The income tax department has reportedly sent notices to many taxpayers for not reporting their income from moonlighting, or, freelance projects in their income tax returns (ITR).
Most of the notices issued so far relate to the financial years 2019-2020 and 2020-2021. The tax authorities identified these undisclosed earnings through data analysis, as many payments were conducted digitally, and a few originated from international accounts.
Therefore, it is important that you report any income you receive through moonlighting while filing your ITR so that you do not end up receiving a notice from the income tax department.
Says Archit Gupta, CEO, Clear, a fintech company: “Moonlighting means taking up another job in addition to one’s primary employment. The second job is typically taken without the employer’s consent at their regular job.

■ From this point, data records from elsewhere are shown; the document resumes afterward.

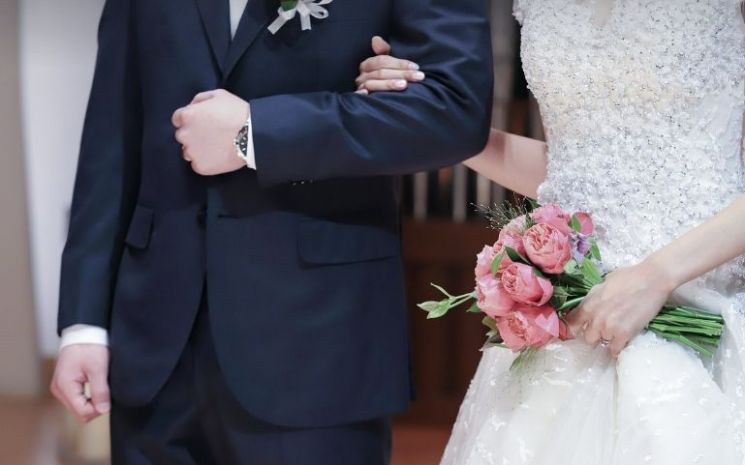 '50대' 국제결혼 늘었다… 이용자 절반 이상이 베트남·20대와 결혼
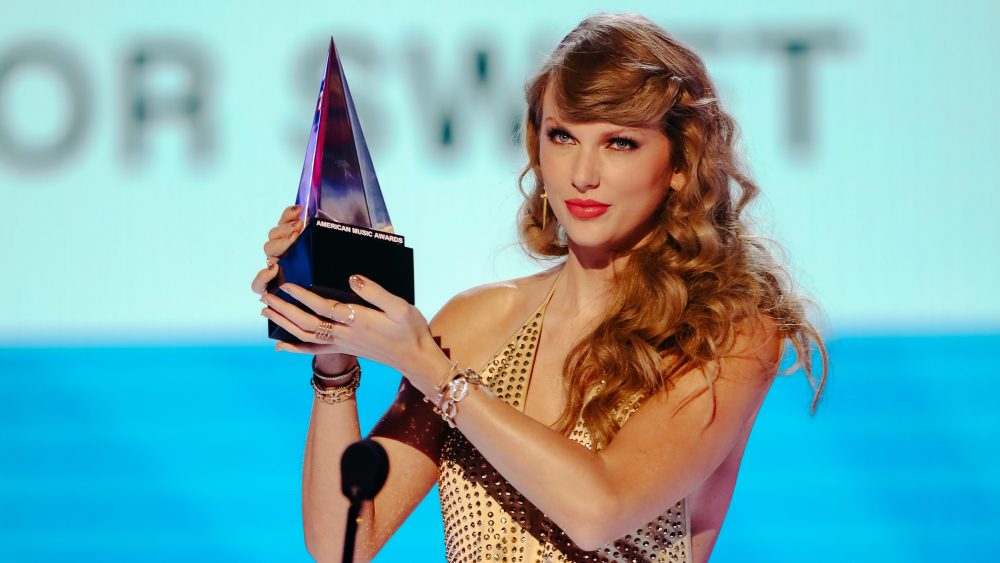 Taylor Swift AMAs 2022 1 e1722924294475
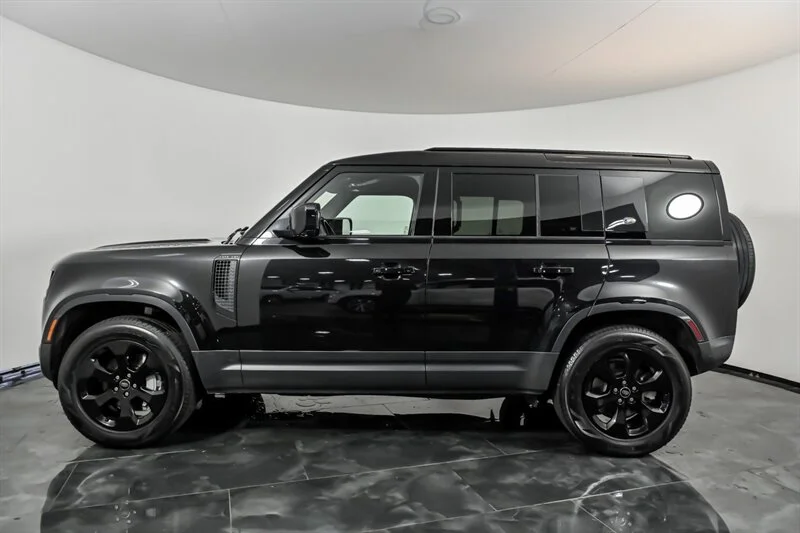 Used 2022 Santorini Black Metallic Land Rover 110 SE image 6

Also, an employee may be barred from undertaking such an assignment by virtue of his employment contract with his employer.”
“Also, the income from moonlighting might result in complicated tax situations that the taxpayer needs to be aware of,” Gupta adds.
So, if you are moonlighting, you will need to disclose all such income in your ITR, either through ITR-3 or ITR-4, depending on the earnings. In fact, you should furnish specific details about your moonlighting income, including the name and address of the secondary employer or client, the earned income amount, the nature of the work undertaken, and any expenses incurred in relation to your moonlighting activities.
Income earned from moonlighting will have to be reported in the ITR on the basis of the employment status and the nature of the work undertaken. It is also be taxed accordingly.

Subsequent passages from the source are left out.